Aim of the task -
The lines to copy are those in the listing that hold the word "heart".

Records provided -
=== Section Start ===
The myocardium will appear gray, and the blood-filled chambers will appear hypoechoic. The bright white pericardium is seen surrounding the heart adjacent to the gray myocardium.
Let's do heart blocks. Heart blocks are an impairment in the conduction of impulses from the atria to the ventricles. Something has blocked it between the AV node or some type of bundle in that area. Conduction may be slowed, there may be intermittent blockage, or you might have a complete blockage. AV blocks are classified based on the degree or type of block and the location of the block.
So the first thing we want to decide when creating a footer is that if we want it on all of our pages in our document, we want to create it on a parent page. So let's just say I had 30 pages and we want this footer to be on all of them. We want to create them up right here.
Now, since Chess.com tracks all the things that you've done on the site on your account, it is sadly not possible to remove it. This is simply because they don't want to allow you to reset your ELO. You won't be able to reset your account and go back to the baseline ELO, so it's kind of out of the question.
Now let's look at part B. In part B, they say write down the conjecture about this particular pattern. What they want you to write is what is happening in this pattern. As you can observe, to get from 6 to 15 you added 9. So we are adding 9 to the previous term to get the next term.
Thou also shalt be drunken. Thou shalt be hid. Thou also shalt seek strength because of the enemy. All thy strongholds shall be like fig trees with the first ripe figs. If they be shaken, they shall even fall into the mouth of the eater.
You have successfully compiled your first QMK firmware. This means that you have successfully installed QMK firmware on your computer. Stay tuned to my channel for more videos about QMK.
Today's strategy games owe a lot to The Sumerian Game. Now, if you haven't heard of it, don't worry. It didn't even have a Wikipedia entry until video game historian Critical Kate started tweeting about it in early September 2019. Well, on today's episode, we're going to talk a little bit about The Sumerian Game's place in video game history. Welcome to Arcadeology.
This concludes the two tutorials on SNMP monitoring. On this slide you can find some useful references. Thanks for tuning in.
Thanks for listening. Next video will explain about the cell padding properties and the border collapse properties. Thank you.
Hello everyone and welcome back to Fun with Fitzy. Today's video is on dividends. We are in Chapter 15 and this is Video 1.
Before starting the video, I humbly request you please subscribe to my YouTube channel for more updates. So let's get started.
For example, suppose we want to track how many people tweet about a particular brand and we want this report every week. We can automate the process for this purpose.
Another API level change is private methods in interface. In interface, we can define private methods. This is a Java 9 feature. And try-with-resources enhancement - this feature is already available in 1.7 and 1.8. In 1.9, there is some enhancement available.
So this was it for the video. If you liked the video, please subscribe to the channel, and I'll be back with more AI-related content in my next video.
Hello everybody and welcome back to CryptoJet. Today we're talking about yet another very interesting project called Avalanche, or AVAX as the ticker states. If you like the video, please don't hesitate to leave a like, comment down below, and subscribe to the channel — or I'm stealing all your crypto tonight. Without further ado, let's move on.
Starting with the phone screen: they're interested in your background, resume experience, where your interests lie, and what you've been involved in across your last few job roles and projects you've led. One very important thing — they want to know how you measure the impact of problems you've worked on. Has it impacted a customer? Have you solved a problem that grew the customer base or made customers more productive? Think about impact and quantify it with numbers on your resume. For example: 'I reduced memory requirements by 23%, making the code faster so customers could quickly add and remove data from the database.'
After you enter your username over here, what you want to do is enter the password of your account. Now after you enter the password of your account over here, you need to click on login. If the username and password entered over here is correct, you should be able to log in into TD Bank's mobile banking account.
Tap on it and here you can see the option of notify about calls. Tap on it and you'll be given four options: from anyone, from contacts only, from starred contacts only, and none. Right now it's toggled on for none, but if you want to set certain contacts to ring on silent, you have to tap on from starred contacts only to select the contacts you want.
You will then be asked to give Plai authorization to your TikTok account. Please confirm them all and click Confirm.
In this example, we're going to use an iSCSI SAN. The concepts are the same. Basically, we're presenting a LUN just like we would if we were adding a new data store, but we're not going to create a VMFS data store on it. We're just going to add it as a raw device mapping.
=== Section End ===
Result -
The myocardium will appear gray, and the blood-filled chambers will appear hypoechoic. The bright white pericardium is seen surrounding the heart adjacent to the gray myocardium.
Let's do heart blocks. Heart blocks are an impairment in the conduction of impulses from the atria to the ventricles. Something has blocked it between the AV node or some type of bundle in that area. Conduction may be slowed, there may be intermittent blockage, or you might have a complete blockage. AV blocks are classified based on the degree or type of block and the location of the block.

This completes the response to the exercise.